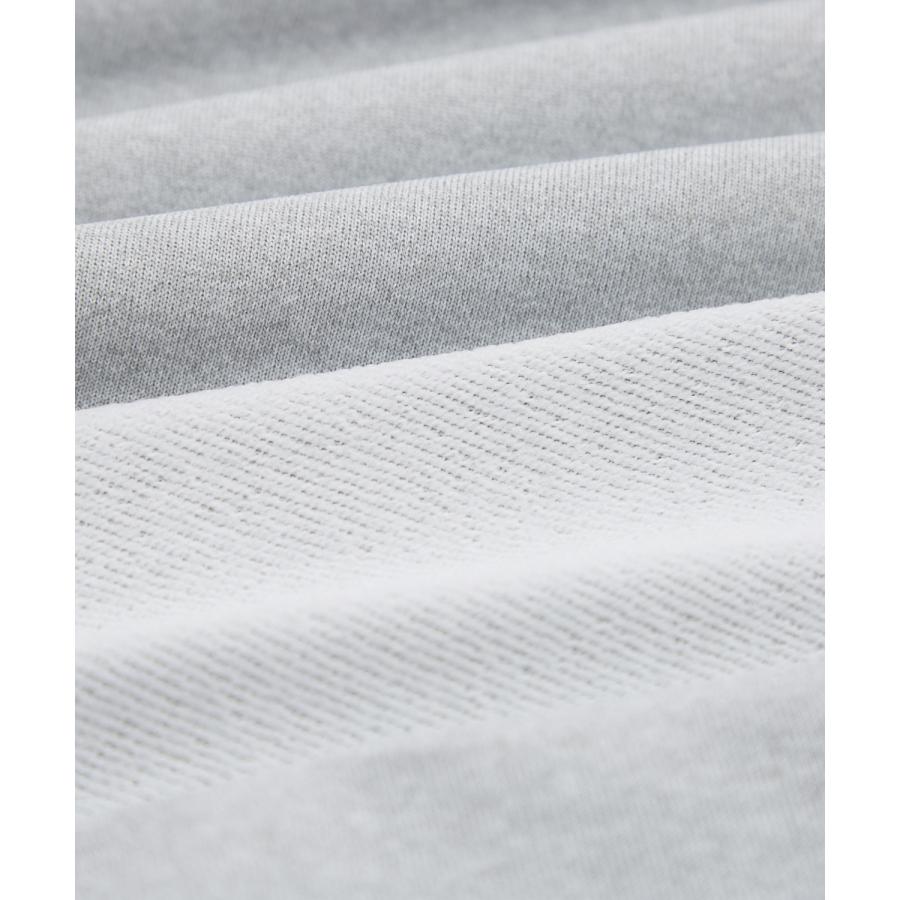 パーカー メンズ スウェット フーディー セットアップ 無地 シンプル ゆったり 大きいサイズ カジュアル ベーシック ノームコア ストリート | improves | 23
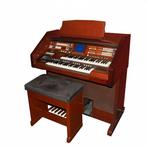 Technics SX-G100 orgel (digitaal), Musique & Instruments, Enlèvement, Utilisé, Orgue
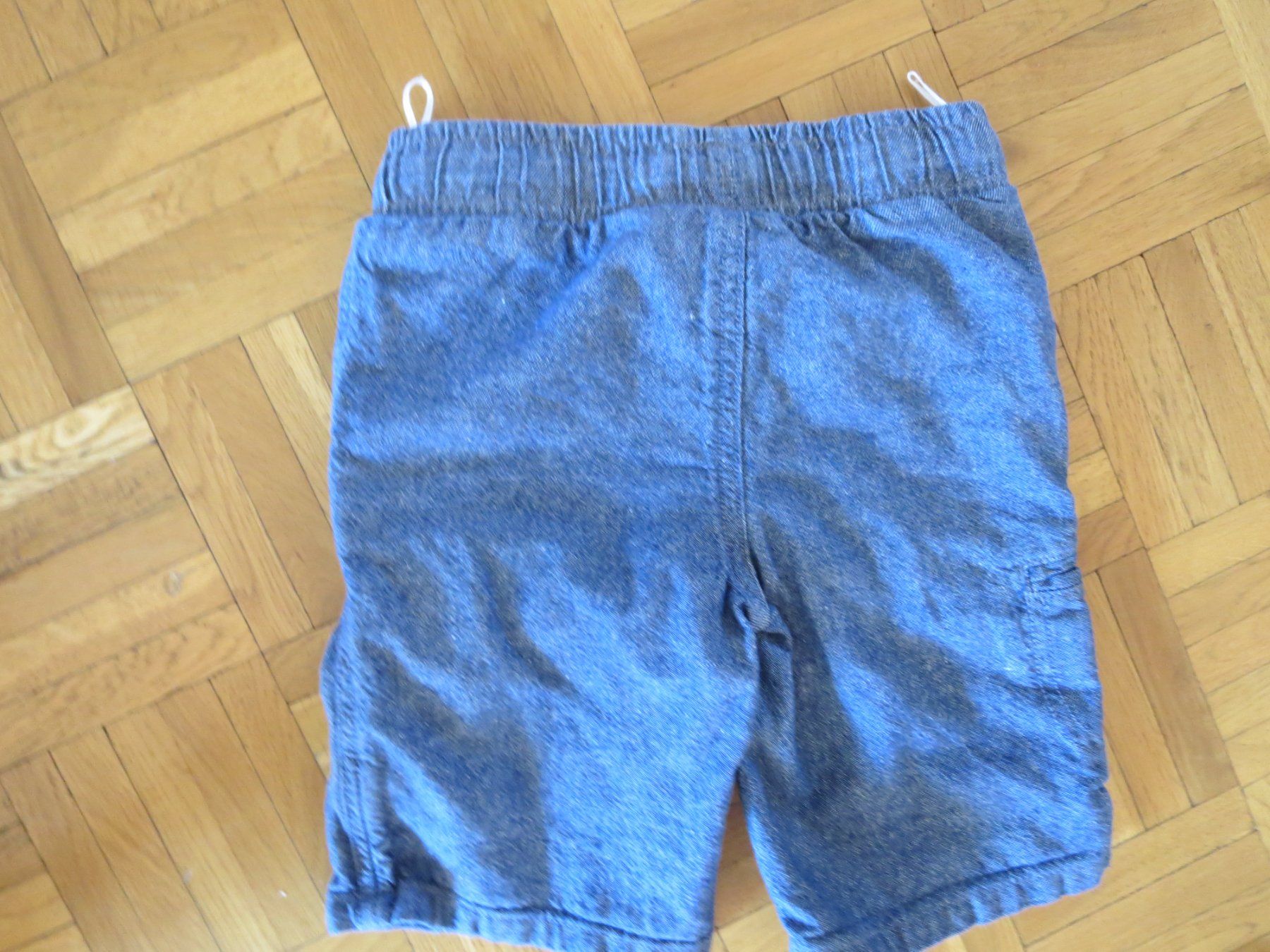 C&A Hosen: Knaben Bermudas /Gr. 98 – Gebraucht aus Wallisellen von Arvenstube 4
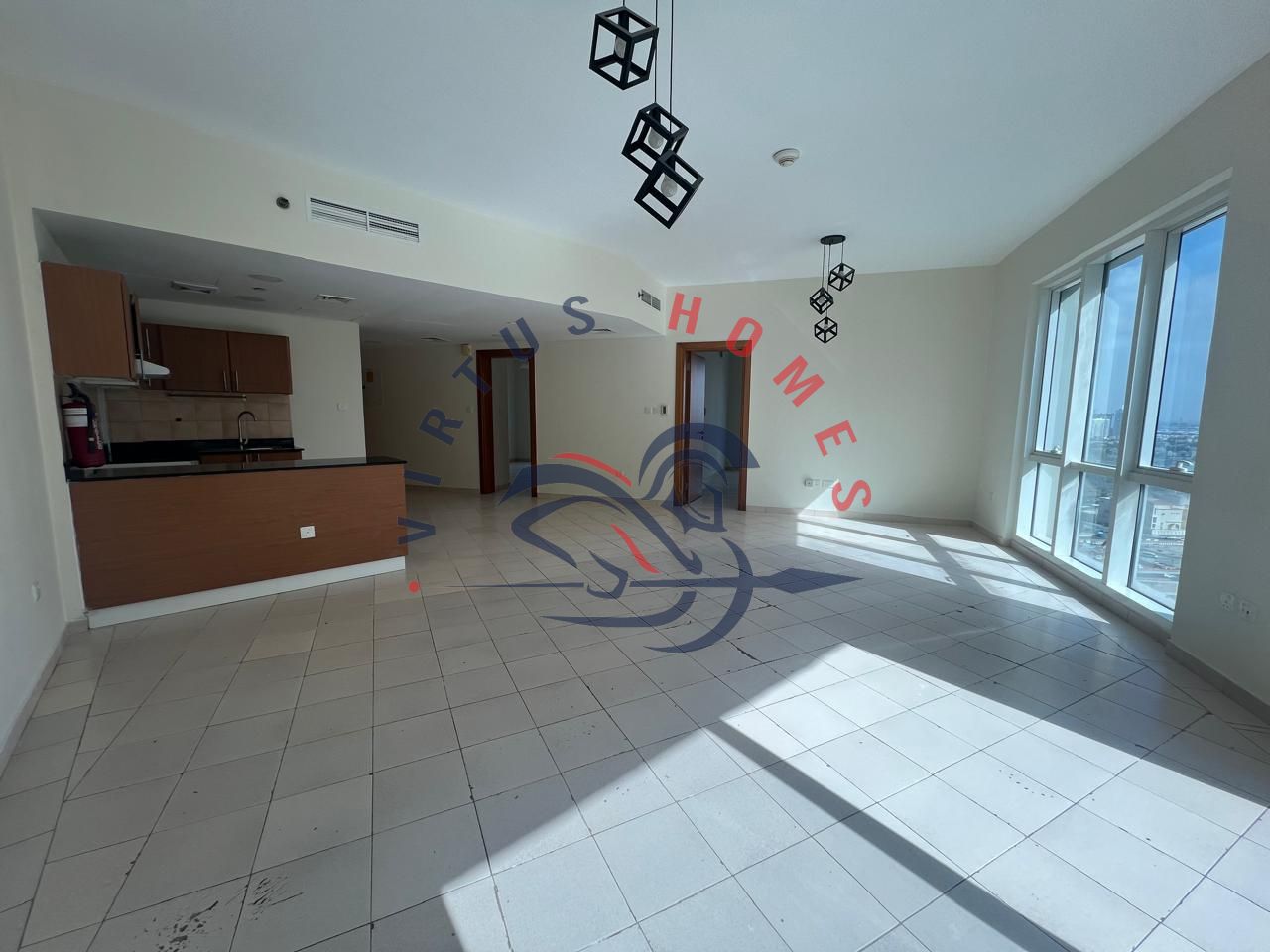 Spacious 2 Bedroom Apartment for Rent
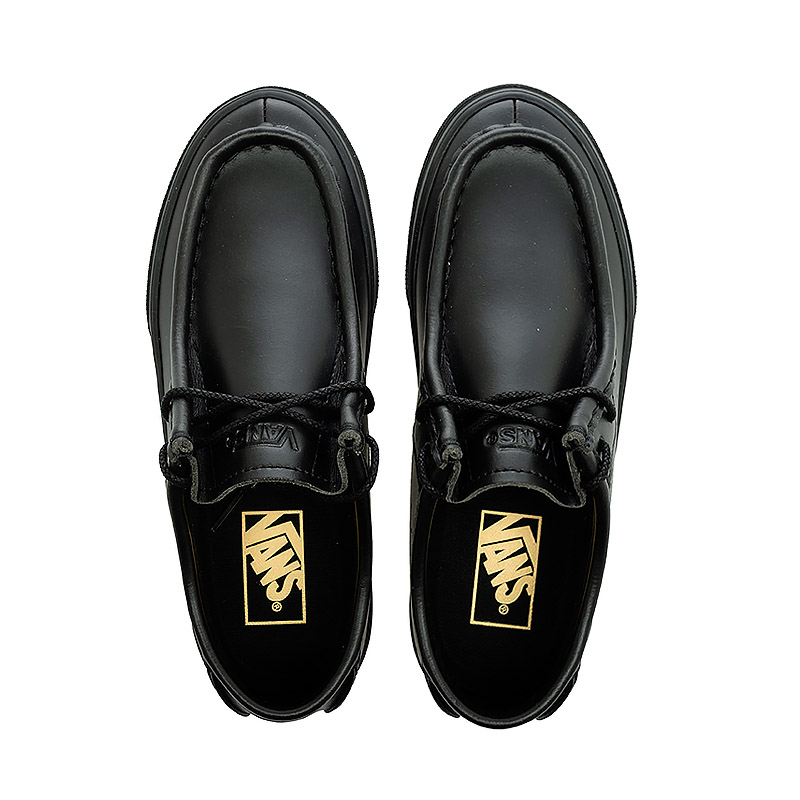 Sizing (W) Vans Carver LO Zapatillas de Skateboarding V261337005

-*-

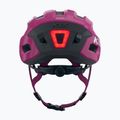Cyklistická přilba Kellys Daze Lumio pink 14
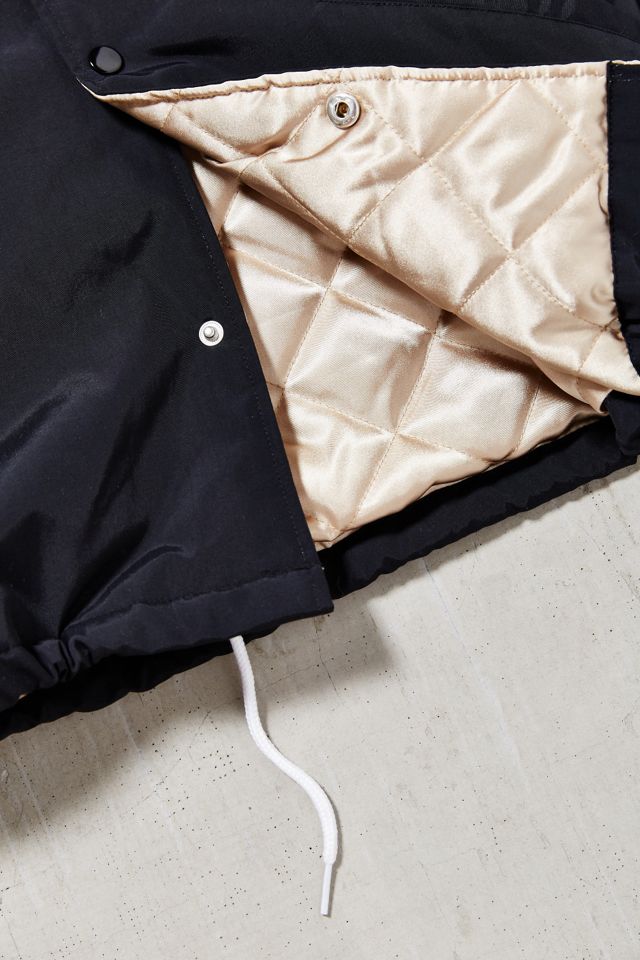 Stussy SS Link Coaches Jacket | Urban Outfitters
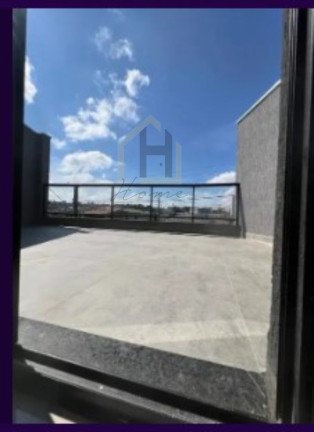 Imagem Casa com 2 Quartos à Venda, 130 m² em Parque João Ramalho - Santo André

-*-

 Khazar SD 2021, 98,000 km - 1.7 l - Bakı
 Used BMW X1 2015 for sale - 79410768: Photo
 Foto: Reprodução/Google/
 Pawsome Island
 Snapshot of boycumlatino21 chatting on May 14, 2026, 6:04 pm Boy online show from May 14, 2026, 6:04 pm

-*-

Required work
Could you write out, exactly as they stand, only the lines above that begin at the line with "Pawsome Island" and stop after the line with "Snapshot of boycumlatino21"?

Finished task
 Pawsome Island
 Snapshot of boycumlatino21 chatting on May 14, 2026, 6:04 pm Boy online show from May 14, 2026, 6:04 pm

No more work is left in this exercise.